= Exercise objective =
Leave the pictures aside. Retype exactly the lines from the top of the data below through the one holding "view of swimming".

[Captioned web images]
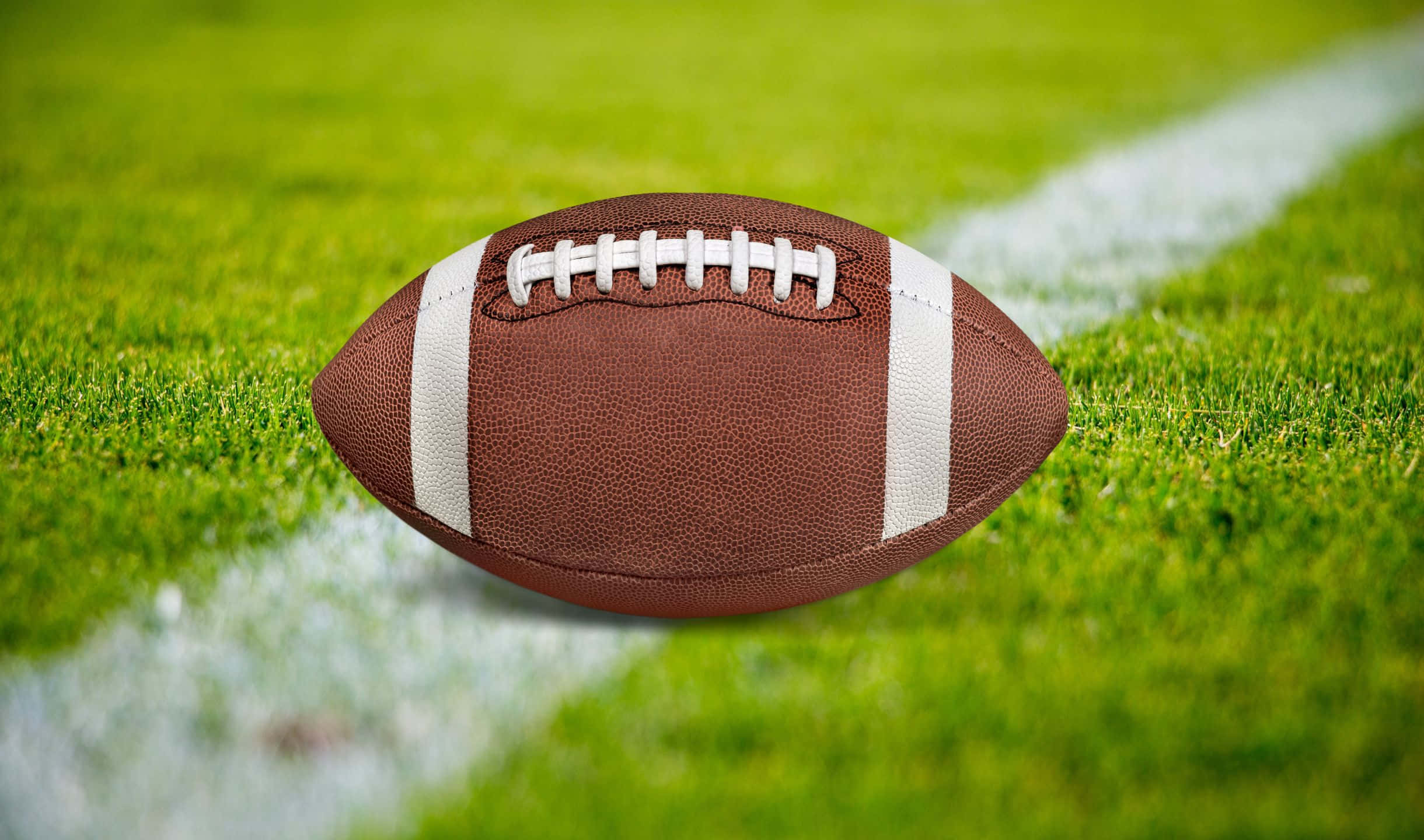 2440x1440 Football 桌布 壁紙 — 一個棕色皮革美式足球，帶有白色鞋帶和條紋，放在充滿活力的綠色草地上，旁邊是一條白色球場線。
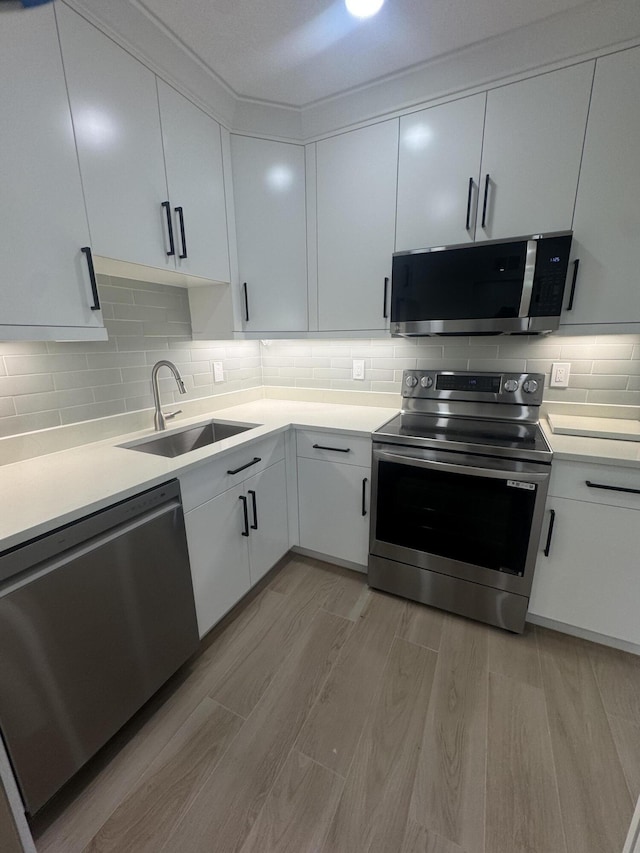 kitchen with appliances with stainless steel finishes, tasteful backsplash, sink, light hardwood / wood-style flooring, and white cabinetry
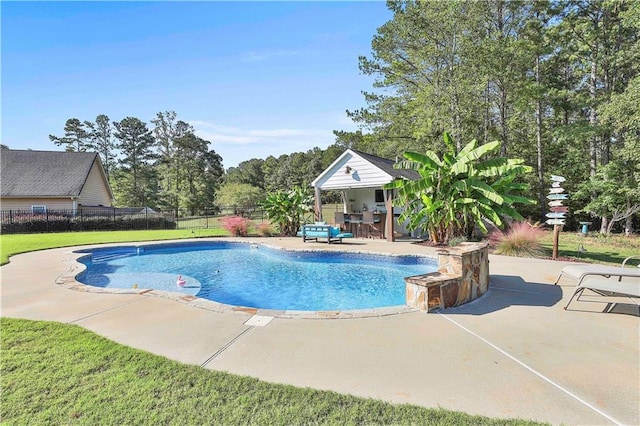 view of swimming pool with a patio area, a bar, and a yard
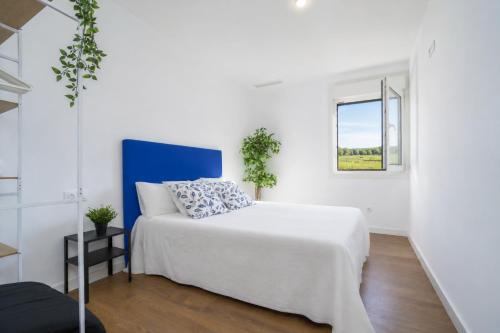 a white bedroom with a bed and a window at Jouvacations Villa Sol La Selva in Vilafant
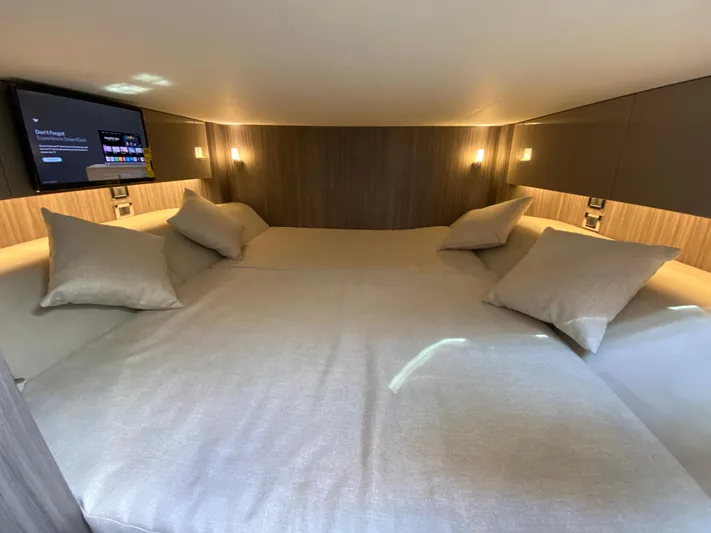 Aquaholic Yacht Photos Pics Luxurious cabin interior of 2023 Sea Ray SLX 400 with cozy bedding and ambient lighting.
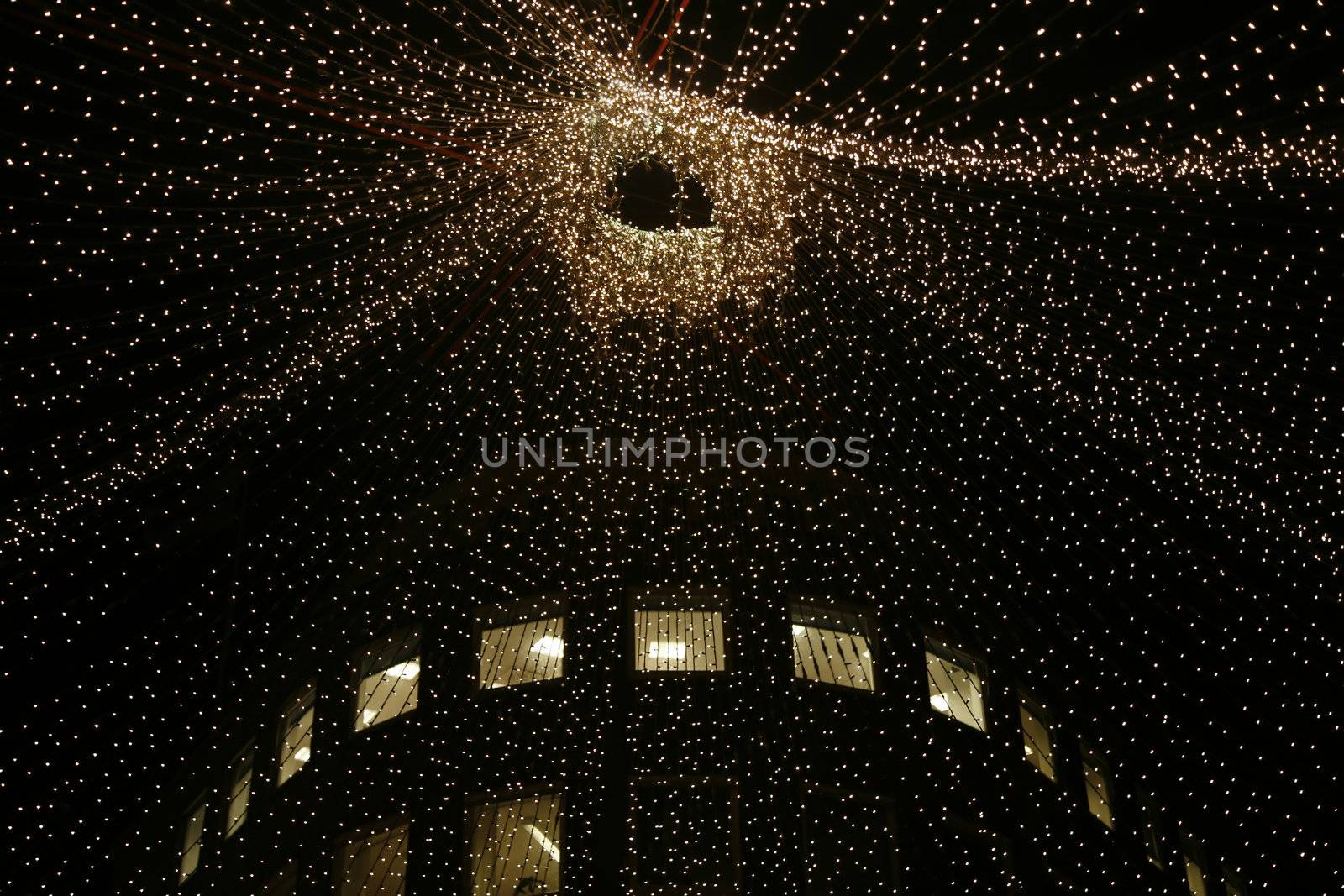 Urban christmas illumination - office building in background.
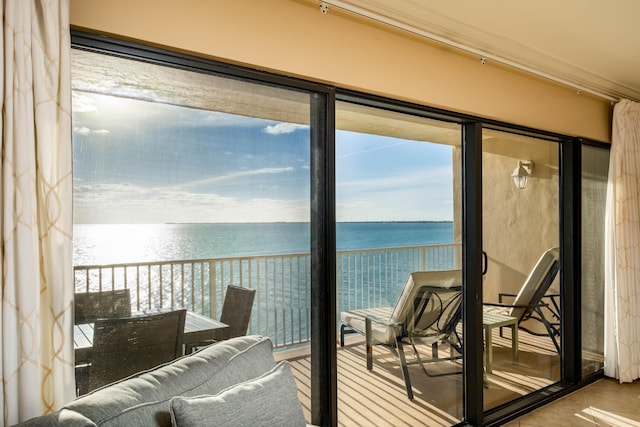 balcony featuring a water view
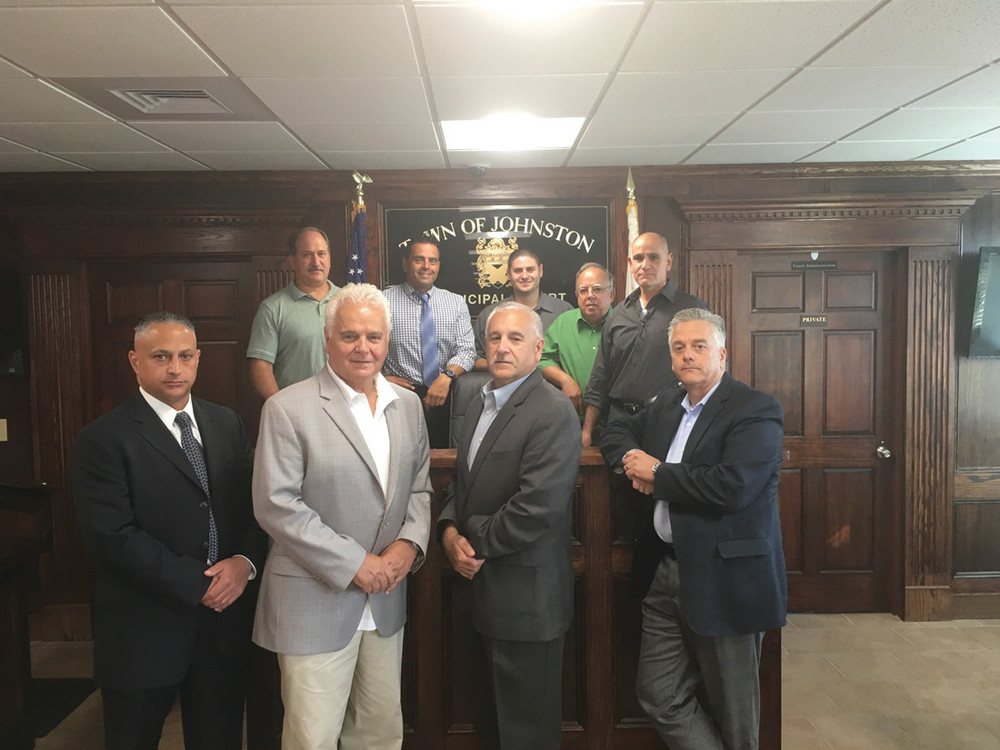 CONTRACT AGREEMENT REACHED: Last Wednesday, the Johnston Town Council unanimously approved a five year contract with the union representing members at the Johnston Police Department. Picture from left, back row are Councilmen Robert Civetti, Robert Russo, Richard DelFino, David Santilli and Anthony Verardo. Front row from left are President of the IBPO Local 307 Michael Andreozzi, Police Chief Richard S. Tamburini, Mayor Joseph Polisena, and Chief of Staff Doug Jeffrey.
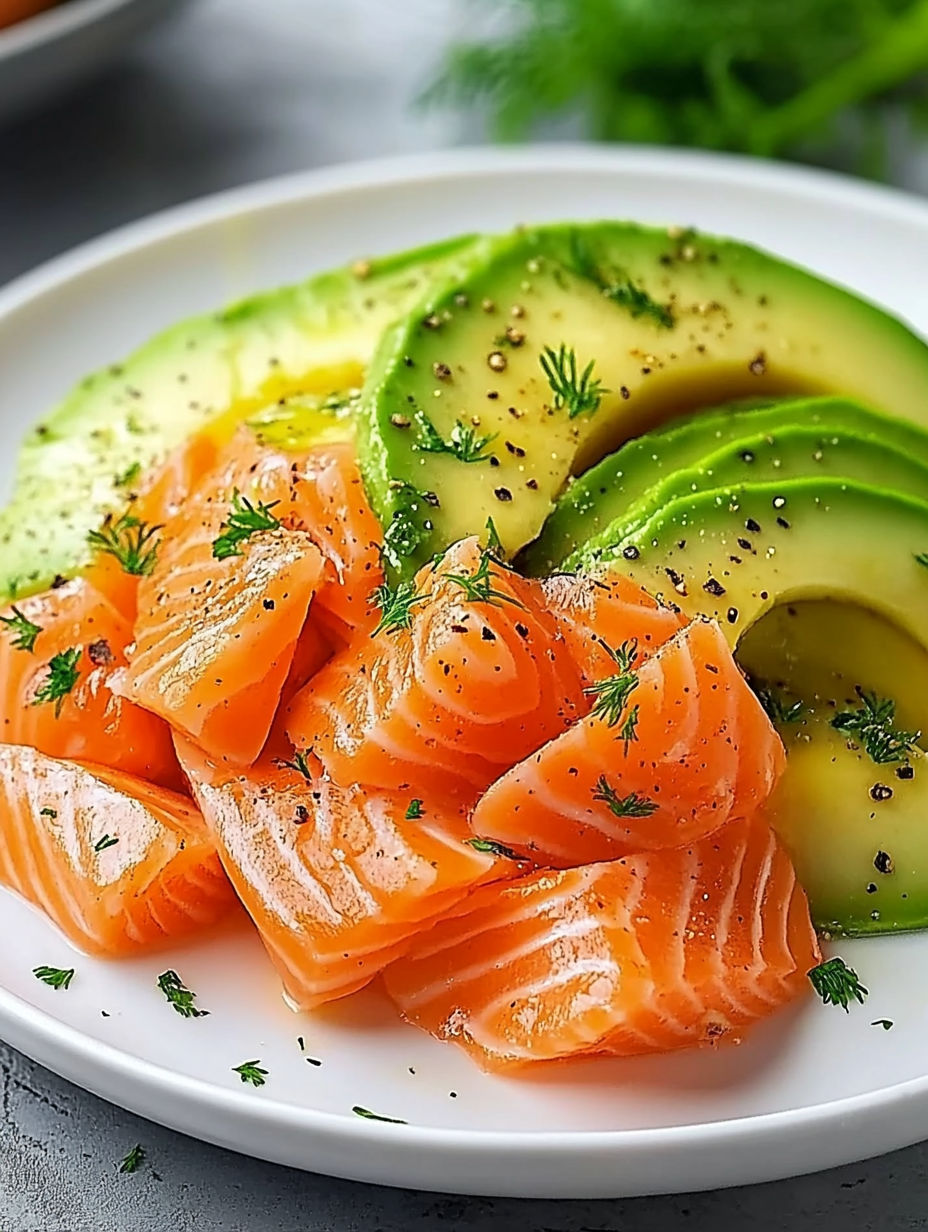 A plate of food with fish, avocado, and other vegetables.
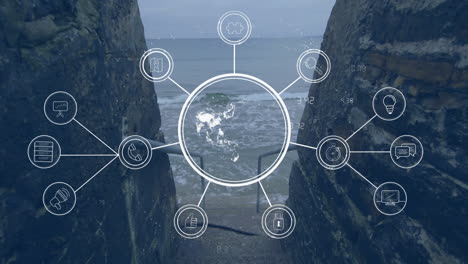 Network-of-interconnected-icons-and-data-processing-animation-over-coastal-landscape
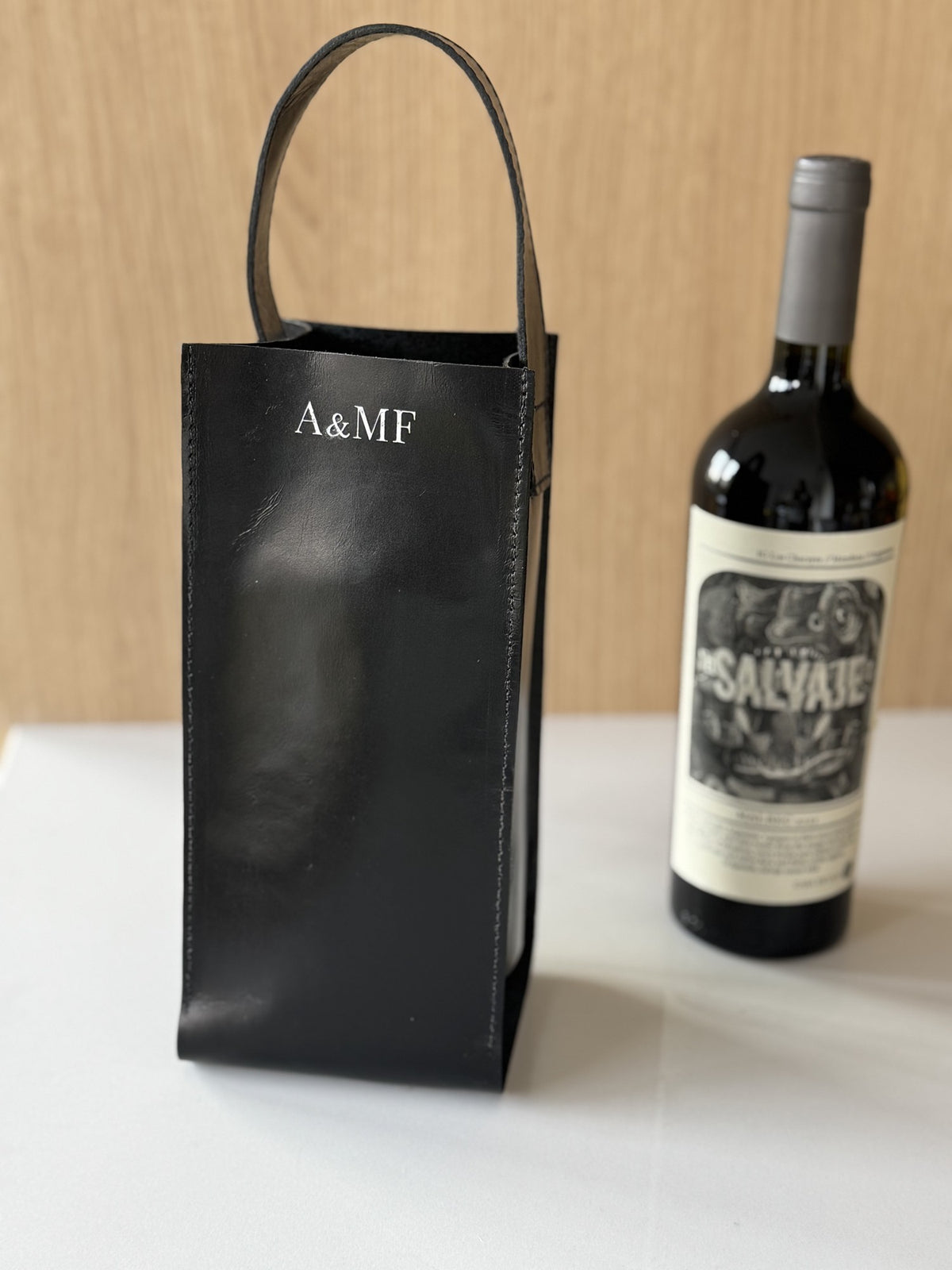 Wine bag de couro personalizada ao lado da garrafa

= Final answer =
 2440x1440 Football 桌布 壁紙 — 一個棕色皮革美式足球，帶有白色鞋帶和條紋，放在充滿活力的綠色草地上，旁邊是一條白色球場線。
 kitchen with appliances with stainless steel finishes, tasteful backsplash, sink, light hardwood / wood-style flooring, and white cabinetry
 view of swimming pool with a patio area, a bar, and a yard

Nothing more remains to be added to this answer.